If successful, then you will receive the response:

Copy
c:\pam>bin\PamDirectory.cmd DBMakeAdmin web backupadmin XzMFU88xFvgUeoKhO3C6TkmAn94KvN5M
Found the user
Admin created

 

You can now login to the System using the new account with the System Administrator role and use Method #1 to reset the password of the first System Administrator account. Afterward, you can use the first System Administrator account to remove this new account’s System Administrator role or keep it around as-is in case it is needed in the future.

Please keep in mind that this new account does indeed have the full privileges of the System Administrator role and should be secured with the same measures as all other System Administrator accounts.

Locked System Administrator Account

This last method is not necessarily due to a lost or forgotten password, but could be the result of trying to login too many times with the incorrect password which resulted in the System Administrator account being locked.
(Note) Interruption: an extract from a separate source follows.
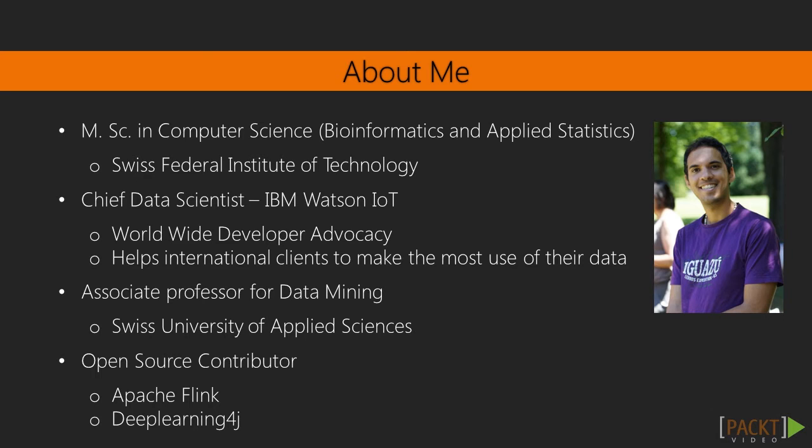I am sharing my experience as Associate Professor at the Swiss University of Appliance Sciences and I am contributing to various open source projects, the most prominent ones are Apache Flink and Deep Learning 4J.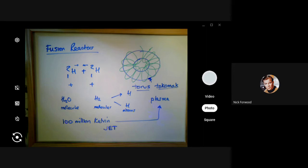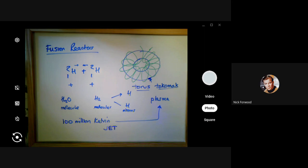That brings to an end the entire nuclear reactions section, Section 11. The next lesson will be about Section 12, which covers the inverse square law.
  1. In this situation, you could use a similar approach to Method #1 described above.
  2. Login to the System with your second System Administrator account.
  3. Navigate to Administration > Local Users
  4. Locate the account of the locked System Administrator account and click its Edit button.
  5. Click the Unblock button.

This account is now unlocked and you can try to login again.

If there is not a second System Administrator account, then you will need to use Method #3 as described above to create a new local account or assign the System Administrator role to an existing account and then use this new account to Unblock your current System Administrator account.